(Information provided begins)

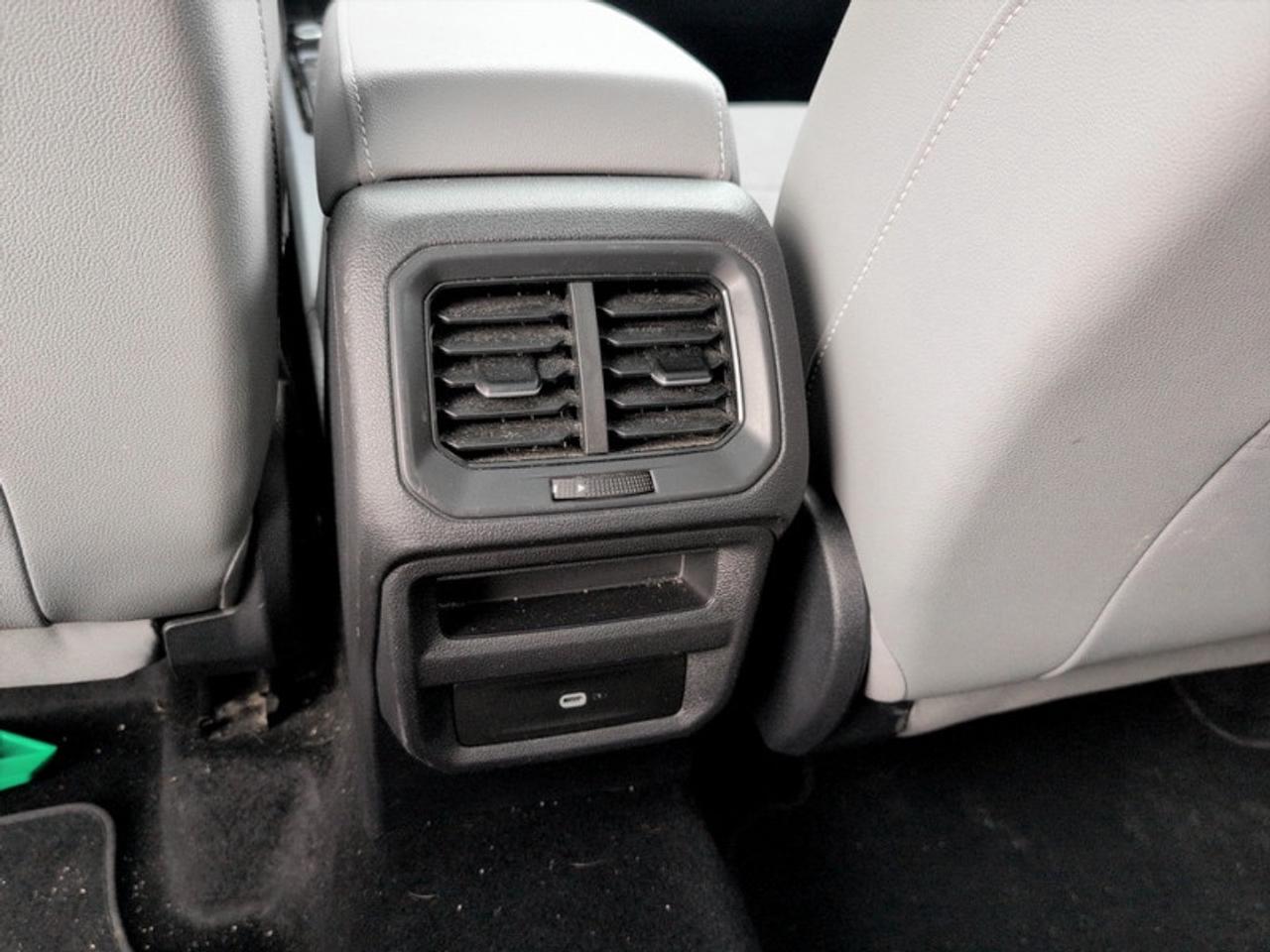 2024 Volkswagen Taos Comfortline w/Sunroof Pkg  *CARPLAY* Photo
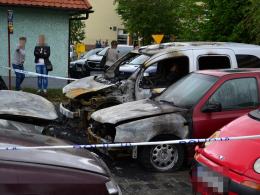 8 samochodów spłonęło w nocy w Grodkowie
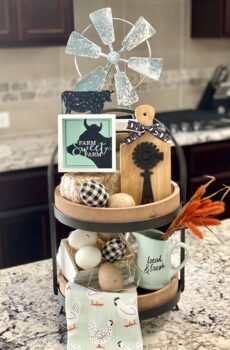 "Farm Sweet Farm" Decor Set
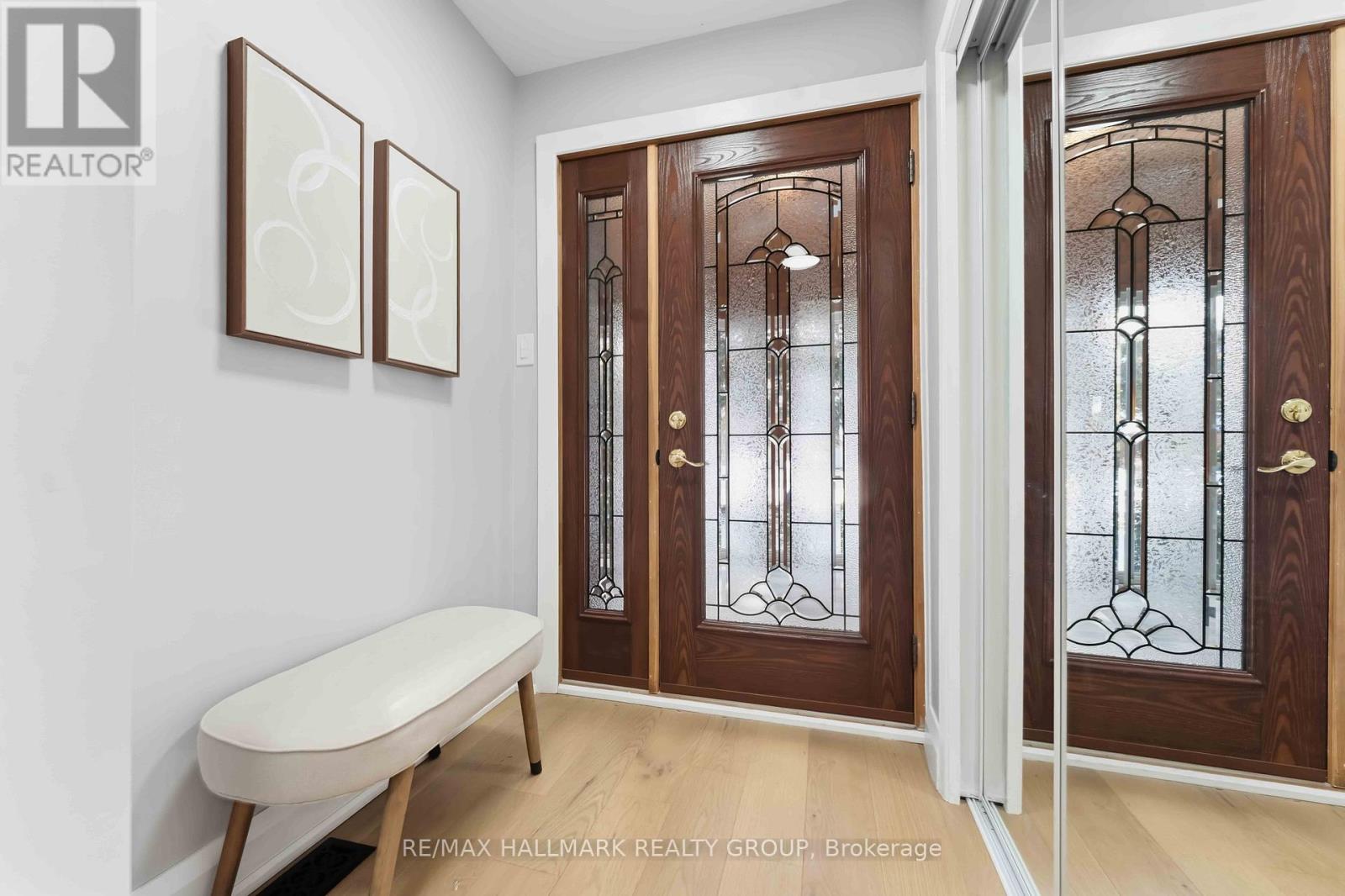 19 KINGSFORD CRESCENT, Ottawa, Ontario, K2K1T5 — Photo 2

(Information provided ends)

Restate word for word, and only, the lines from the line that contains "8 samochodów spłonęło w nocy w Grodkowie" through the end of the data, both included; pictures are not part of the copy.

== Answer to this task ==
 8 samochodów spłonęło w nocy w Grodkowie
 "Farm Sweet Farm" Decor Set
 19 KINGSFORD CRESCENT, Ottawa, Ontario, K2K1T5 — Photo 2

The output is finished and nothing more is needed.